When these improvements are made, the researchers will perform a phantom study to estimate lesion detectability with the PET and CT components, and measure radiation dose to the breast and torso. Raylman said that the team hopes to start pre-clinical testing within six months.

PET/CT advantages
“The addition of CT to dedicated breast-PET scanners makes it possible to supplement PET images by detecting lesions that may not preferentially uptake the PET radiotracer used in the study,” said Raylman. “Future CT scanners may be able to detect some micro-calcifications, which are not visible with PET. Finally, the combination of CT with PET enables accurate attenuation and scatter correction methods to be applied to PET images; potentially enhancing lesion detectability and facilitating accurate quantification of radiotracer uptake in the breast and breast lesions.”

Raylman predicts that radiation dose to the breast from the PET/CT scanner may be lower than that from a 3D tomosynthesis digital mammogram.
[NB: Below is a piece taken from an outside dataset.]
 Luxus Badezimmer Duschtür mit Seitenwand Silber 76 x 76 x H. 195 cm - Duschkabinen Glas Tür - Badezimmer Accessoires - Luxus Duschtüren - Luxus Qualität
Meanwhile, the anticipated exam time of 12 minutes should be much faster than the time required to perform an equivalent breast-MRI exam. The breast PET/CT exam should also be less expensive than a comparable MRI scan. Finally, breast PET/CT scanners could also be more accessible to patients than breast-MRI scanners, because they will be less expensive to purchase and far less challenging to install in smaller imaging centres and radiology departments.
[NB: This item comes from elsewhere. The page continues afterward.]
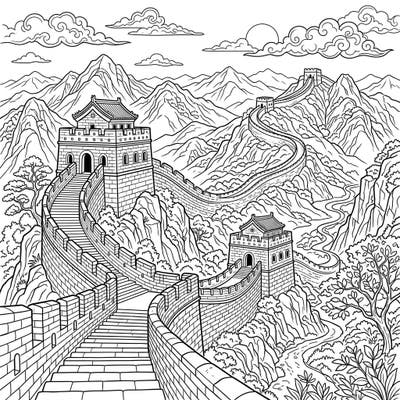 Unleash your creativity with this magnificent Great Wall of China coloring page. Explore intricate details of ancient architecture and breathtaking landscapes, perfect for adult colorists seeking a historical adventure.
“Being able to perform a PET-guided biopsy will also be advantageous to confirm diagnoses of suspicious lesions. Our system is currently the only dedicated breast-PET/CT scanner capable of performing image-guided biopsy,” Raylman added.

This system is one of two under development in the USA. Another initiative to develop a dedicated breast PET/CT scanner has been underway at UC Davis Medical Center since the mid-2000s.